In a comment piece for the pan-Arab newspaper Al Hayat, Abdallah Iskandar shed the light on the nuclear conference held in Tehran in response to the nuclear summit hosted by Washington last week. In view of the conference's title "Nuclear energy for everyone, nuclear weapons for no one", the writer suggested that "the deliberate Iranian confusion of the objectives of both conferences might lead to an unwanted outcome for Tehran, for Iran's nuclear issue is still under scrutiny in all major capitals of the world".
In fact, Iran's attitude does not show that it is ready to accept the proposition of only peaceful nuclear power. As for its claim of "nuclear weapons for none", it can be construed as a negotiation tactic that does not provide any assurances regarding its nuclear projects. The Iranian president Mahmoud Ahmadinejad's proposals seems to suggest that the Islamic state wants to change the international rules of peaceful and military nuclear programmes - a change that will be opposed by all nations, lenient or strict in regard to the Iranian nuclear issue. "Nuclear mystery is against the interests of Iran if it is really seeking peaceful energy" because it is acting as if it possesses a nuclear arsenal or is about to acquire one in the near future, which validates the western efforts to impose sanctions and reduces Tehran's margin of political manoeuvre.

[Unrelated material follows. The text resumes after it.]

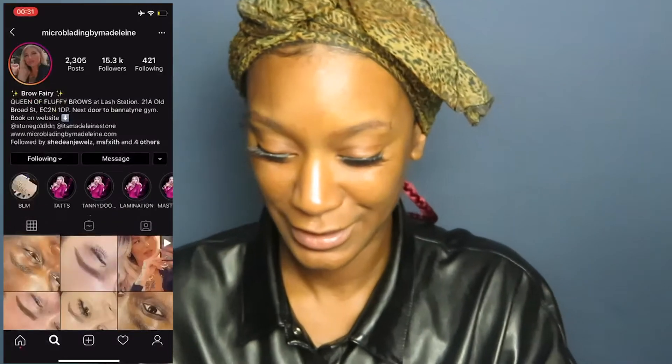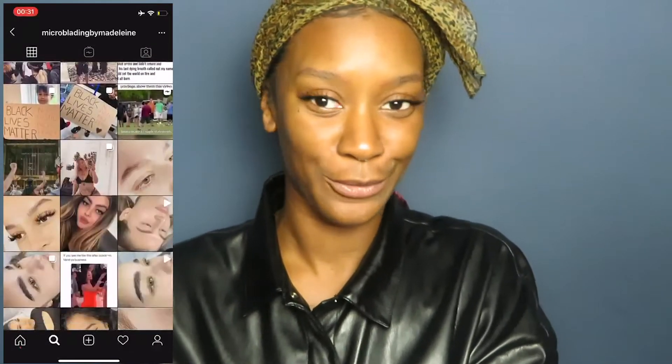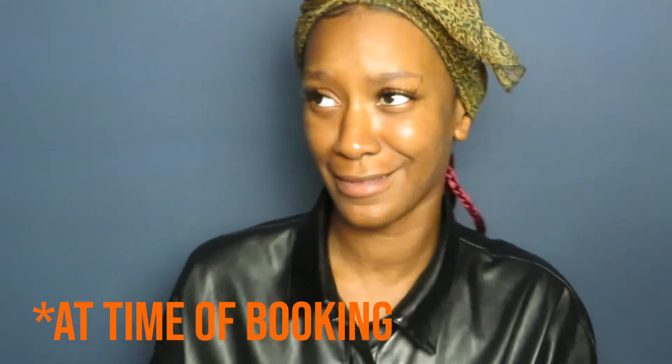I don't usually get involved in an eyebrow trend because I was not blessed in that department at all. Eyebrow pencil has been my best friend from the early 2000s. Doesn't matter anyway because my microblading is coming up with the brow fairy herself, Microblading by Madeline. Her usual treatment is £375 but with a post-rona cold it went down to £200 — I snapped that up. My initial appointment was the 30th of May.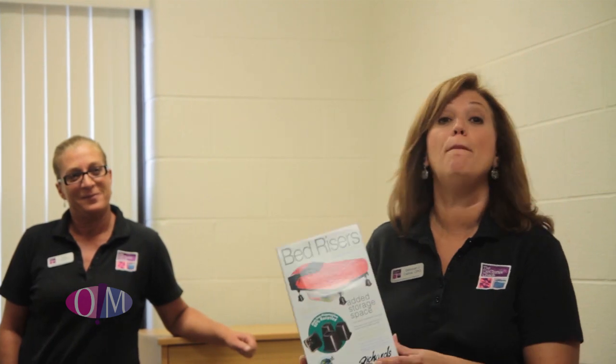We are going to elevate the bed with this awesome product called bed risers. We want to thank our good friends at the Container Store for donating all the products today that we're going to be using in Clayton's room. This is going to help us elevate the bed and really get efficient use of the space underneath.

On-campus brawls between students of French and Arabic erupted recently at the Nouakchott University in Mauritania, the "land of the one million poets" as it is often referred to in the Arab world.
According to Zainab Hifni, a columnist with the Emirati newspaper Al Ittihad, Mauritanian pro-Arabic students oppose the predominance of French at school and in the job market. They argue that Mauritania, being an Arab Muslim nation that obtained its independence from France decades ago, does not have to go on relying on French to the detriment of Arabic. The francophone students, for their part, maintain that the French language is an important cultural channel that gives them access to European civilisation and qualifies them for a wider choice of careers.

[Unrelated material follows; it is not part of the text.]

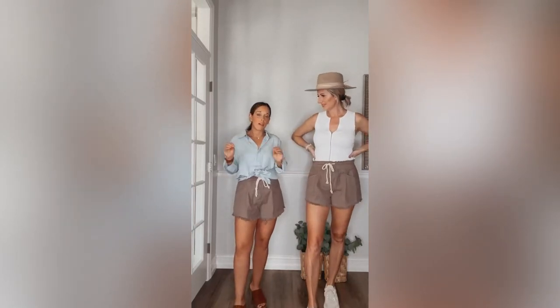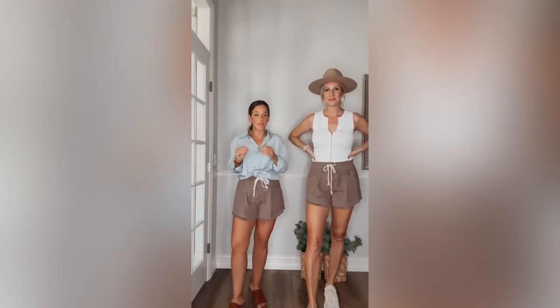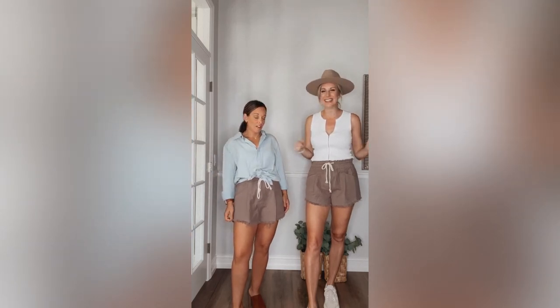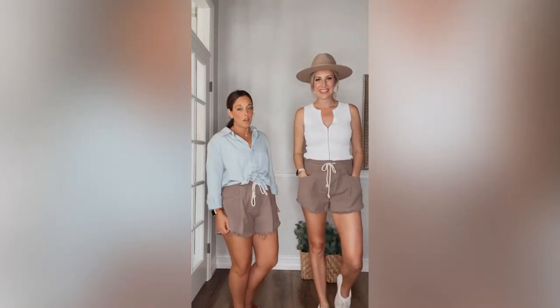We love a good pair of shorts here at the House of Scout. We're very particular about the ones we buy because we want them to be comfortable yet classic and timeless — something you can dress up or dress down. We also care about flattery and don't want to be showing too much.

How about grabbing the stick from the middle? We must find a balance between our beloved Arabic and foreign languages. Foreign languages can re-energise our own civilisation. "Excessive zeal for our own language will only move us away from the world surrounding us, a world that has taken to the notion that we are somehow absent, mentally wired to slam the West and keep a safe distance from it." The ethics of nuclear armament
In her editorial article for the Syrian Tishreen newspaper, Samira al Musalima wrote about the ethical dimensions that underlined various speeches pertaining to the nuclear issue during the nuclear conferences in Washington and Tehran. The writer focused on the different terminologies used to express points of view regarding the production of nuclear weapons and whether they should be used as a means of attack or deterrence. "While Tehran has stated repeatedly that it ethically condemns and restricts the production and use of nuclear weapons, the United States chose to threaten Tehran with a nuclear attack." It was a threat that clearly expressed Washington's commitment to Israel and to its "protective" nuclear arsenal, and revealed an ethical difference in attitudes between Iran and the US.

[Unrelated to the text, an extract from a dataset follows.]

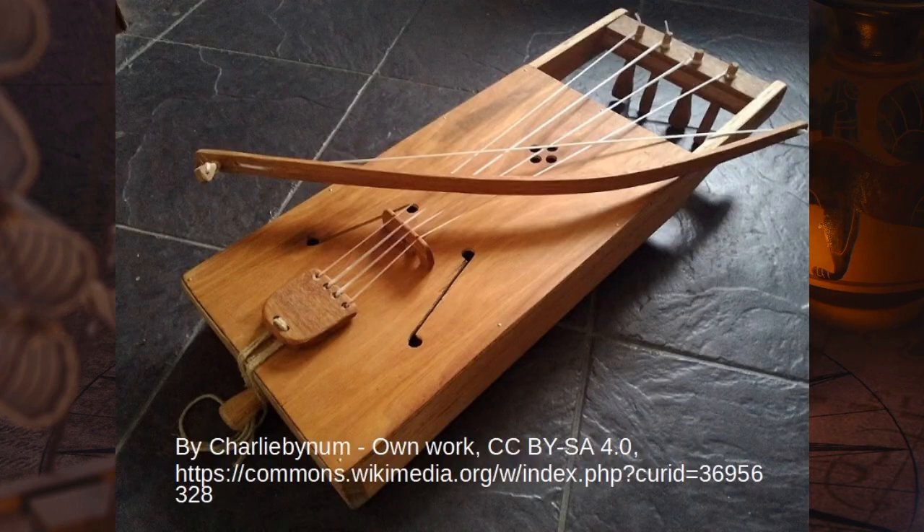La talharpa, connue aussi sous le nom de talgelharpa, dont la signification est « harpe à poil de queue », est une lyre à archet à 4 cordes du nord de l'Europe. Répandue jadis en Scandinavie mais jouée principalement de nos jours en Estonie. Le nom vient probablement du taguel ou crin de cheval dont étaient faites les cordes.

"The ethical dimension is important, but ethics alone do not protect rights nor do they support positions." The fact is ethics need power to prevail. Therefore, the possession of nuclear energy is a necessity for everyone, but as long as Israel remains in possession of a nuclear arsenal, all nations concerned should have the right to think and work toward countering Israel's plans of occupation and destruction.